Exercise material:
▶

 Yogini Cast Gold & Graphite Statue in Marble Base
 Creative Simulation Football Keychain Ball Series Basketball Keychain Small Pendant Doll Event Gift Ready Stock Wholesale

◀
▶

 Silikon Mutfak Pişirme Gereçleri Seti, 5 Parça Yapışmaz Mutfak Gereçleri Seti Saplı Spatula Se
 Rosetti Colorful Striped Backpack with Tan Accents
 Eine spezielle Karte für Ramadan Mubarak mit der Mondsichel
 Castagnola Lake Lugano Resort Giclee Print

◀

Directions for this task: Above are the records. Print exactly, and only, the lines from the line with "Eine spezielle Karte" to the line with "Castagnola Lake Lugano Resort Giclee Print", both inclusive.

Exercise output:
 Eine spezielle Karte für Ramadan Mubarak mit der Mondsichel
 Castagnola Lake Lugano Resort Giclee Print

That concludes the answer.